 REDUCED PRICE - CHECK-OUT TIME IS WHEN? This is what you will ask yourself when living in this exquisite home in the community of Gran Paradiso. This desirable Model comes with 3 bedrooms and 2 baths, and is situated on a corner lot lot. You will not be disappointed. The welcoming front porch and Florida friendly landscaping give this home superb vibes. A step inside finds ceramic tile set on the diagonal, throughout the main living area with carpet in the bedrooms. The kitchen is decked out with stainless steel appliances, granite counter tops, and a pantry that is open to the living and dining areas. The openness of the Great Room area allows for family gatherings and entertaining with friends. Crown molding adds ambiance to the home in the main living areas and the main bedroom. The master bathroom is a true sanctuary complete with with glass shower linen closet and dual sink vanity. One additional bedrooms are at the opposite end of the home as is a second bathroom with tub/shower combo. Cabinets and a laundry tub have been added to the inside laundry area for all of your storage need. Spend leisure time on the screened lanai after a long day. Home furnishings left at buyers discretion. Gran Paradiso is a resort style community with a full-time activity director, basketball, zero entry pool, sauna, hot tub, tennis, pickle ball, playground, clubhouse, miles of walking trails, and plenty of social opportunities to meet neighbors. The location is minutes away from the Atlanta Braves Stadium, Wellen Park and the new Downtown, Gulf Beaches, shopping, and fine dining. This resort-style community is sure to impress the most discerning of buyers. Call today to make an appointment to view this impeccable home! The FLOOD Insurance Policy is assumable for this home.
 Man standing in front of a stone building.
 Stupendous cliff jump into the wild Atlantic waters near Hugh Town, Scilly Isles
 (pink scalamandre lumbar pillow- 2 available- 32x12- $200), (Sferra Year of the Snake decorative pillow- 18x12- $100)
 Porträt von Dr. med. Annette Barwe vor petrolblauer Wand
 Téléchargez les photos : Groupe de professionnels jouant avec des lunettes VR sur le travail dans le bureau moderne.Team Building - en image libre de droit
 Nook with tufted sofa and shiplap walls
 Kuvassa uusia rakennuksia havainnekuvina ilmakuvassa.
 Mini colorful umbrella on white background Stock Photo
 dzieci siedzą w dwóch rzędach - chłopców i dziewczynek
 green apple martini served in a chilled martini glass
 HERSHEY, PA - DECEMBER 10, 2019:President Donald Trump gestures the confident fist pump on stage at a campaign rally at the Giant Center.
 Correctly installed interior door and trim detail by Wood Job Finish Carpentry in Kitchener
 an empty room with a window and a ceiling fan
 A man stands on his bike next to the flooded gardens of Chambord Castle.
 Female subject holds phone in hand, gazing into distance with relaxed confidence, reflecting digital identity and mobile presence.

- **TASK DETAILS**
Going down the listing above, begin printing at the line with "Téléchargez les photos" and finish with the line with "green apple martini", exactly as they appear.

- **ANSWER BOX**
 Téléchargez les photos : Groupe de professionnels jouant avec des lunettes VR sur le travail dans le bureau moderne.Team Building - en image libre de droit
 Nook with tufted sofa and shiplap walls
 Kuvassa uusia rakennuksia havainnekuvina ilmakuvassa.
 Mini colorful umbrella on white background Stock Photo
 dzieci siedzą w dwóch rzędach - chłopców i dziewczynek
 green apple martini served in a chilled martini glass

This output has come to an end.